DECISÃO QUE LIVRA FBC PODE LEVAR ALDO GUEDES PARA SER JULGADO POR SERGIO MORO



Por ironia do destino, os mesmos votos que livraram o senador e pré-candidato ao governo de Pernambuco Fernando Bezerra Coelho, do Inquérito 4005, onde é acusado de intermediar a cobrança de R$ 20 milhões em propina das Construtoras OAS, Queiroz Galvão e Camargo Corrêa, oriundas das obras da Refinaria Abreu e Lima, para a campanha do então governador de Pernambuco, Eduardo Campos, proferidos pelos ministros Dias Toffoli e Gilmar Mendes, podem significar a submissão dos empresários Aldo Guedes Álvaro e João Carlos Lyra à jurisdição do Juiz Federal Sergio Moro.
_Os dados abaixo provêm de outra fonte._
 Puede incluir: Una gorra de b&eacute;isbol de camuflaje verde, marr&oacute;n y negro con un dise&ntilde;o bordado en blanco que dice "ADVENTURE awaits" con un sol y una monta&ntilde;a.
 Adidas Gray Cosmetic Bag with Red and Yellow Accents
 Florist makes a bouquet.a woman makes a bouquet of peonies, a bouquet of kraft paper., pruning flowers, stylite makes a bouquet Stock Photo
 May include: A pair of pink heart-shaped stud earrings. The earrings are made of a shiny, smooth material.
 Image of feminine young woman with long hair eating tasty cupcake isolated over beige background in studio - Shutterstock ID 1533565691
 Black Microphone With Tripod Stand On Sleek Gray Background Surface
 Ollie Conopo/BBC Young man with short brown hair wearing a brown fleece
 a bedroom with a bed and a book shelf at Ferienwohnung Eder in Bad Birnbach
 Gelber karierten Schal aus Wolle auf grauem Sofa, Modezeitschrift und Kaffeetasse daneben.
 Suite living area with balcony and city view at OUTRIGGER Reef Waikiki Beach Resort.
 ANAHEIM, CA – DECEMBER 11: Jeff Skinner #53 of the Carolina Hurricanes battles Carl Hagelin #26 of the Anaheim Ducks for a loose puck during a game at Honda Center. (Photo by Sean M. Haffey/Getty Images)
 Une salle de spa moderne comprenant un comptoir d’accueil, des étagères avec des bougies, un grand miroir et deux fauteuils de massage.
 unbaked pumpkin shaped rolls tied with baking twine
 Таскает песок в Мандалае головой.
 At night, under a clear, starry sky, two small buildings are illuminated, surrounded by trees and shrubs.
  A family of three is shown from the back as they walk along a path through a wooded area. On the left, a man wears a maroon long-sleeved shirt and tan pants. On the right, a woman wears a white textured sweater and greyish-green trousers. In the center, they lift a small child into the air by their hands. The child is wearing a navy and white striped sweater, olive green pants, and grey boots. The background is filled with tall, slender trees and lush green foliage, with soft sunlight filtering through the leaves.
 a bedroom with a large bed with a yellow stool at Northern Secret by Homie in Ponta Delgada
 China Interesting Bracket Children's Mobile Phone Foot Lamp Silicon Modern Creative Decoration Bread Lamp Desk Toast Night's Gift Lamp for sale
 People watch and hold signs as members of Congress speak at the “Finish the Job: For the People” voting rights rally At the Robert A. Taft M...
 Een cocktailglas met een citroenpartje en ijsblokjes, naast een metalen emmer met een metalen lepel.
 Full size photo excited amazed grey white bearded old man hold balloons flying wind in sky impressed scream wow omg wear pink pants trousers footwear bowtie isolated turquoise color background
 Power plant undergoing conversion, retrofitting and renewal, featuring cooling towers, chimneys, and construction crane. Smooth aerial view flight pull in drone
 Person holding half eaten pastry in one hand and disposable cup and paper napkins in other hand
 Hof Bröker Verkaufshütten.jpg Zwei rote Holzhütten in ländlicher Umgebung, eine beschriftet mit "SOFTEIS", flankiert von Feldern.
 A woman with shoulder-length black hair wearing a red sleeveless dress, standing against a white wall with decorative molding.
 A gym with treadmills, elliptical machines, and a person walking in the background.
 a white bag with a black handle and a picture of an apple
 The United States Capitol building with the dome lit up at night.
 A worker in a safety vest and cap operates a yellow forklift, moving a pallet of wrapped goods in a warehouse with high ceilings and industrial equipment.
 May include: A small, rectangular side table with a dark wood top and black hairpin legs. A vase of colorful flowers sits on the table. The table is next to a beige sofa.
É que os dois ministros apenas se pronunciaram contrariamente ao recebimento da denúncia relativamente ao senador Fernando Bezerra Coelho. Quanto aos dois empresários, em seus votos, tanto Toffoli, quanto Mendes entenderam que por não terem foro privilegiado, Aldo Guedes e João Carlos Lyra deveriam ter seus processos analisados pela Justiça Federal de 1ª instância que para esse caso específico é a do Paraná.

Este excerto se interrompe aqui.